To address this gap, this proposed research will take an ethnographic case study approach to understanding a collaborative unit of study focused on storytelling in a culturally and linguistically diverse elementary classroom in Vancouver, Canada. It will adopt a multi-method data generation approach (i.e., ethnographic observations, informal interviews, surveys, digital-recordings, collection of multimodal artifacts, and so on) to look at children’s collaborative creative processes, how they decide to build individual and collective stories and how they choose to tell them. The study will use multimodal storytelling (i.e., the stories students will read, listen to, create, tell, and share during the research activities) as a tool for understanding: (1) how students’ identities and interests are embedded in the stories they create, tell, and share; (2) how an exploration of the affordances and limitations of different modes can impact children’s meaning-making and the ways in which they express their ideas; (3a) how they multimodally negotiate meaning when working collaboratively with other students in their class and (3b) how collaborative creation processes can impact social relationships and the classroom community. The main objective is to understand whether the collaborative exploration of various modes of storytelling can be used in classrooms to help students enhance their multimodal literacy learning and if multimodal storytelling can serve as a tool to create more welcoming classroom communities (i.e., where children feel respected and safer to take risks, make mistakes, and use multiple modes to make meaning, learn, and communicate ideas so that they can thrive.
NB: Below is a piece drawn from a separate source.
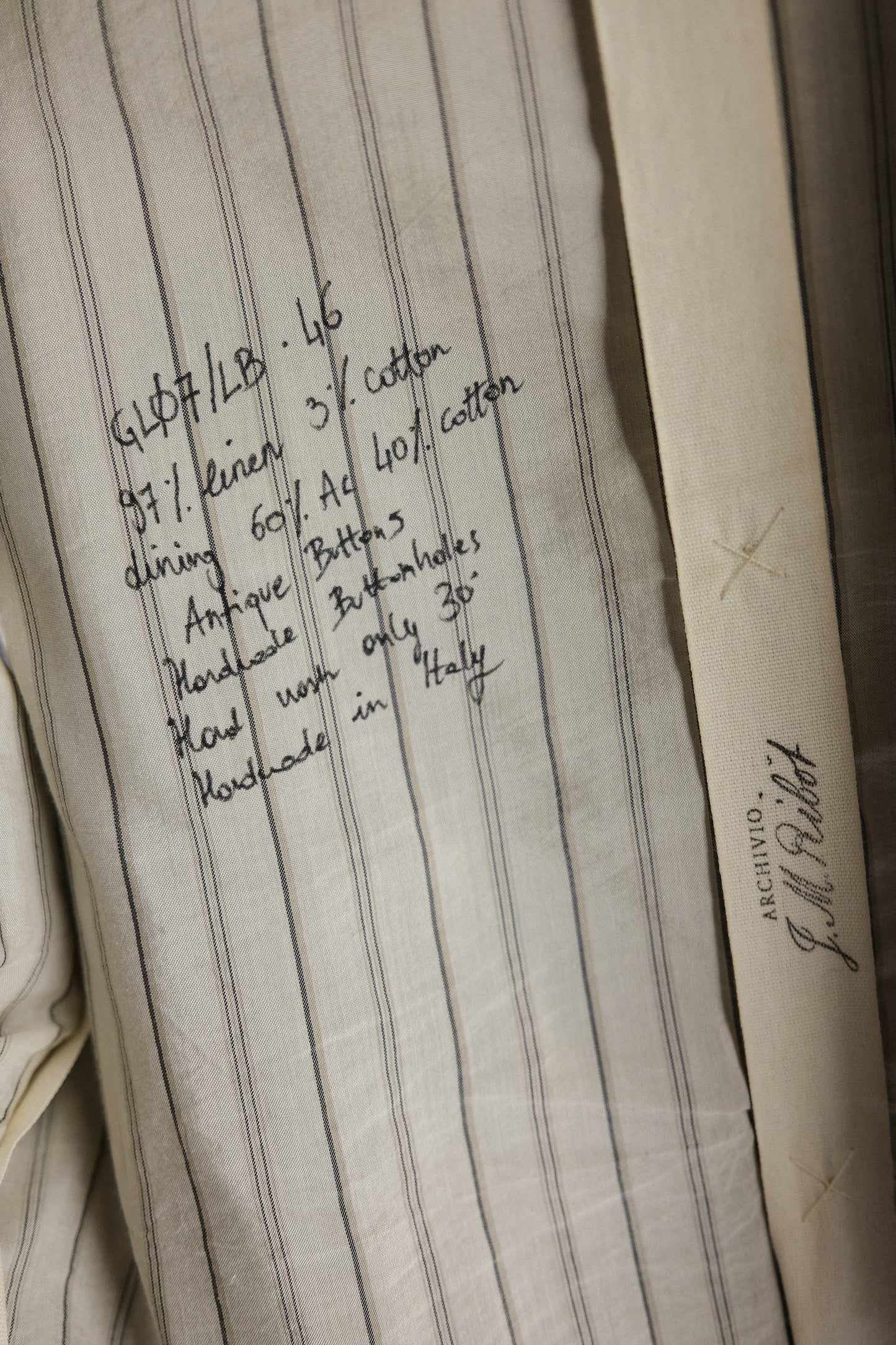 ARCHIVIO J.M. Ribot - Linen Waistcoat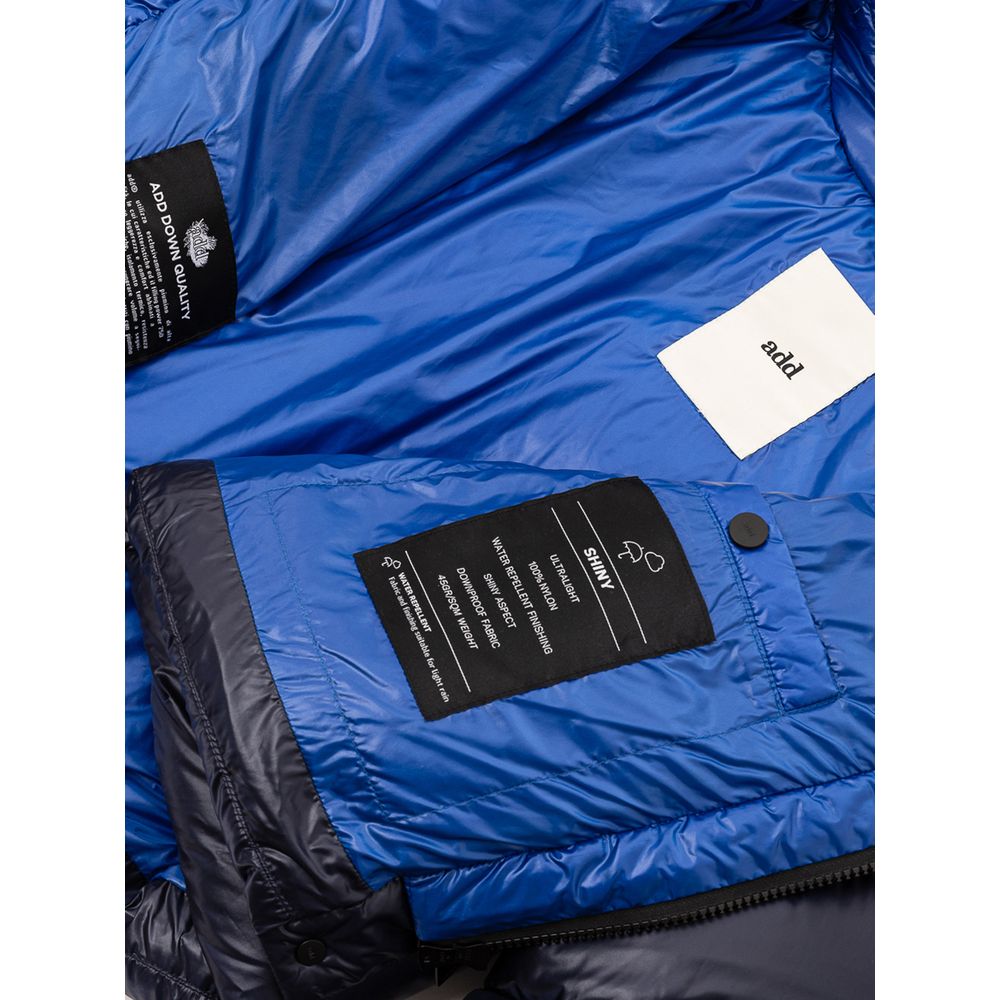 Add Blue Polyamide Jackets & Coat - ACCEXO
The intended contribution of this research is to: 1) illuminate what children from diverse backgrounds bring to classroom storytelling practices (e.g., their funds of knowledge, literacies, interests, and learning needs); 2) gain an understanding of their collaborative practices, how their individual competences can be combined when collaborating in a project, and how diversity can be built on and honoured through multimodal storytelling; and 3) reveal how children’s collective meaning-making and choice of modes might impact their social relationships and the classroom community.